To Raise a Disciplined Child, Be a Disciplined Parent
May 5, 2014
To Raise a Disciplined Child, Be a Disciplined Parent

By Harry H Harrison Jr.
www.fearlessparenting.com

A life devoid of discipline is a life of chaos.  But many of us are afraid of using that word “discipline,” because we think it translates into “punishment” or that “disciplined” means turning little children away from the fantasy and wonder of childhood and into little robots.

Fearless Parents know discipline is the fine art of doing things you don’t want to do when you don’t want to do them. Discipline is why a college student will pass up a night of partying to study for a chemistry exam. Discipline is why an athlete will practice four hours in the freezing rain while her friends are sitting by a fire inside. Discipline is why a young banker will stay up all night finishing an Excel spread sheet.

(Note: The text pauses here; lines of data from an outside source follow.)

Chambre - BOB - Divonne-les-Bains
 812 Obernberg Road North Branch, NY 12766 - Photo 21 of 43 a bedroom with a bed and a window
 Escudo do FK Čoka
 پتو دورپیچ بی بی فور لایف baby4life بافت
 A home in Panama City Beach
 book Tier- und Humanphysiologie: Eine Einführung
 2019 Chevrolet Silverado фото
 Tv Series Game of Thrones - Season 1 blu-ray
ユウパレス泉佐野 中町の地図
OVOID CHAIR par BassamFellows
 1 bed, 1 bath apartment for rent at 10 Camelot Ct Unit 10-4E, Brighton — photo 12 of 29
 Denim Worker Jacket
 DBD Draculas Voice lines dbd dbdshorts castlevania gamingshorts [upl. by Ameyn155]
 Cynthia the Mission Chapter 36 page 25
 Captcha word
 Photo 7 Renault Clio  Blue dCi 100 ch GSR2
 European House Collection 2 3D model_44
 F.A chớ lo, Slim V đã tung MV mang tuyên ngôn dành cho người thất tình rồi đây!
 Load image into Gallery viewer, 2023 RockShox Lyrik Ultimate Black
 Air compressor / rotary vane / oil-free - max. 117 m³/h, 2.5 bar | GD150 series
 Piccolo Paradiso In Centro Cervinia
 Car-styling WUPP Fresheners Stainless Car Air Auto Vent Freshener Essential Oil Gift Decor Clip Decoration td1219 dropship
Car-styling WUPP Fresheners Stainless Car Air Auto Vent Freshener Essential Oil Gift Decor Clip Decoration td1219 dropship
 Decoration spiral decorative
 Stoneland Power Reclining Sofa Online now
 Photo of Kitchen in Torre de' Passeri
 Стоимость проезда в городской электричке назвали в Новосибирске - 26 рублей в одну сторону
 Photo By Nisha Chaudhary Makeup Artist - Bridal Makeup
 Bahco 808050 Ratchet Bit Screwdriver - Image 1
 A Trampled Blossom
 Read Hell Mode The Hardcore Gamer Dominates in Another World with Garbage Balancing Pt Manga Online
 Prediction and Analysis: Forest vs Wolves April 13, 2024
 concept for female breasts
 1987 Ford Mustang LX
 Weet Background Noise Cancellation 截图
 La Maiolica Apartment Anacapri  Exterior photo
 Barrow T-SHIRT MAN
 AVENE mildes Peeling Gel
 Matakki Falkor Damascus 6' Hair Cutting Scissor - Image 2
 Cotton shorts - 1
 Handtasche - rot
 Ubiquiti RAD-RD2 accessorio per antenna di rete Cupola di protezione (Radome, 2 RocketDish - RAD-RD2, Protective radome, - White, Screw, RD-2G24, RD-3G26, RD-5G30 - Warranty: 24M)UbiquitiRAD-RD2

If our children are going to make it as adults, they need to develop the mental and spiritual discipline to face the world, to get knocked down and get up again.  Discipline is required to work at a problem until it's solved; discipline is needed to write a fourth and fifth draft of a term paper.  It takes discipline to stay on a budget, to pay bills when they’re due.  It takes discipline to show up on time, to keep your word, and to not gossip. When life gets rough, it can take discipline to go home to your spouse instead of a bar, to not yell at your kids just because you’ve had a bad day, and to give back to God when it doesn’t seem He’s giving a lot to you.

Discipline is the learned ability to shake off setbacks, and reapply yourself to the issue in front of you. It takes discipline to not buy everything you want, to not use a charge card when you don’t have the money and to not go into mountains of debt. Yet so many kids come out of high school without the discipline to sit at their desk for an hour and read a book that it’s frightening.

Fearless Parents know the power of discipline is the power to achieve against all odds. It’s the power to start a company; to be faithful in a marriage; to have a meaningful relationship with God because you have the discipline of prayer, thanksgiving and tithing.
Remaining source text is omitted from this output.